── Extracted material ──
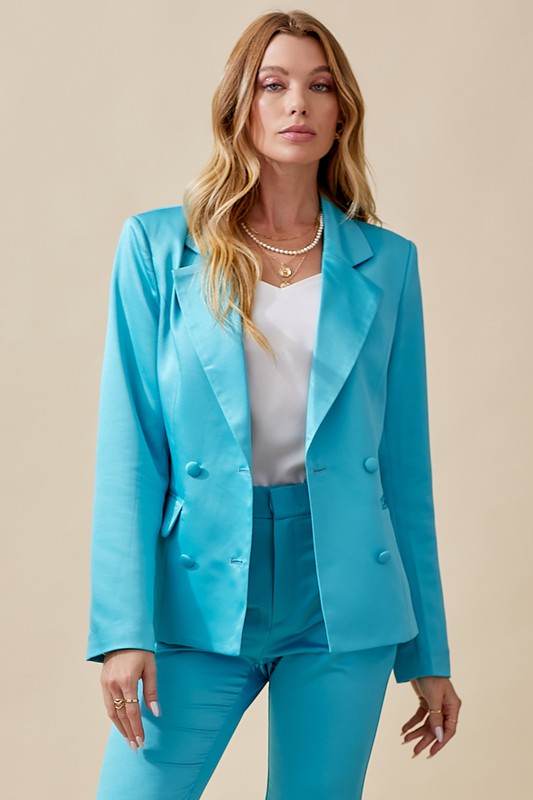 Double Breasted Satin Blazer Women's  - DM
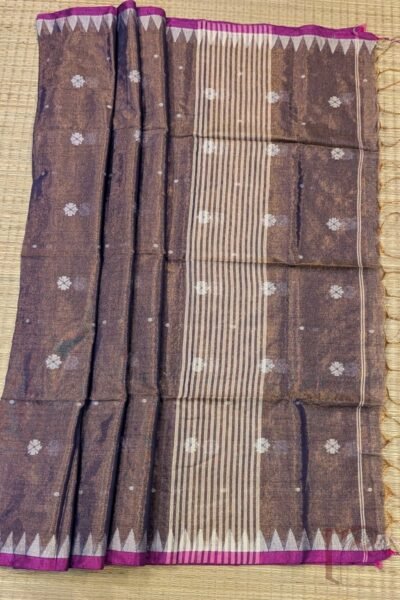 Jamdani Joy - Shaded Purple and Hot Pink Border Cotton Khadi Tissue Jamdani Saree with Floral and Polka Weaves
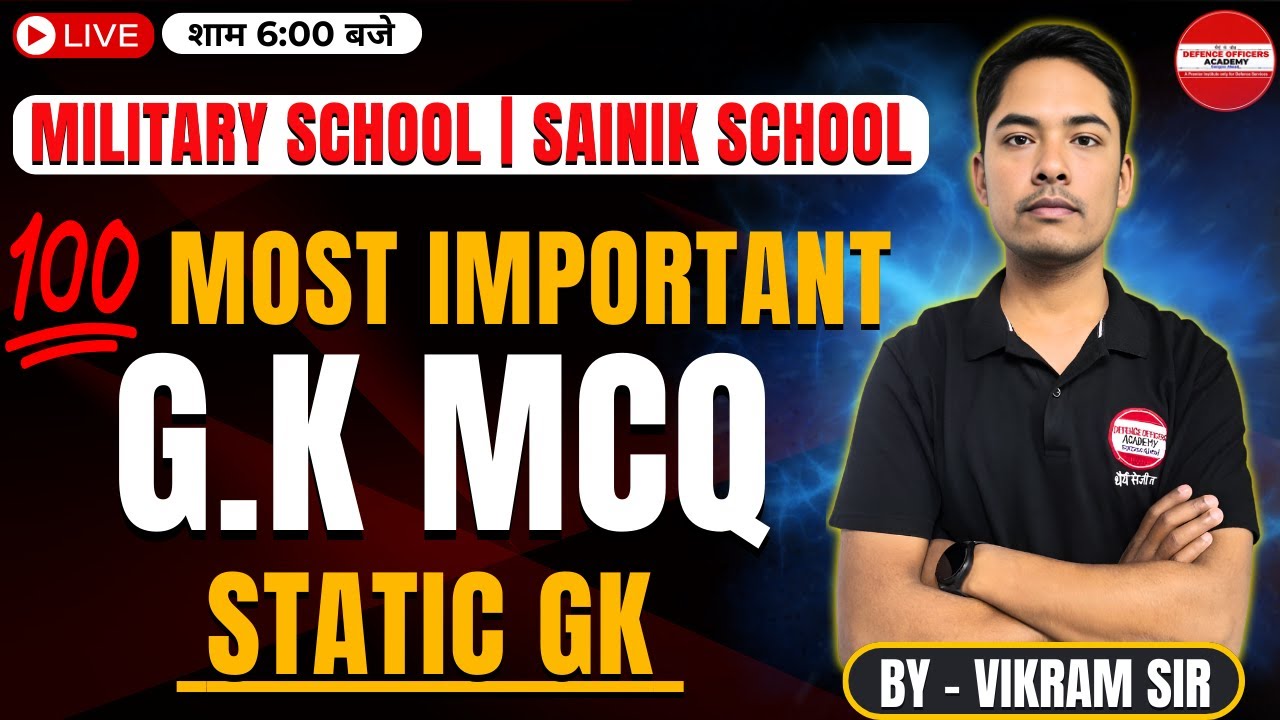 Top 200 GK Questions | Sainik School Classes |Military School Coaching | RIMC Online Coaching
───
── Extracted material ──
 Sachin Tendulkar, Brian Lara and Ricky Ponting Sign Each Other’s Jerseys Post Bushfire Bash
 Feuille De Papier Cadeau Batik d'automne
───
Above are records with pictures. Reproduce exactly only the lines from the line with "Jamdani Joy - Shaded" through the line with "Top 200 GK Questions", both ends included, and leave the pictures out.

## Task solution
 Jamdani Joy - Shaded Purple and Hot Pink Border Cotton Khadi Tissue Jamdani Saree with Floral and Polka Weaves
 Top 200 GK Questions | Sainik School Classes |Military School Coaching | RIMC Online Coaching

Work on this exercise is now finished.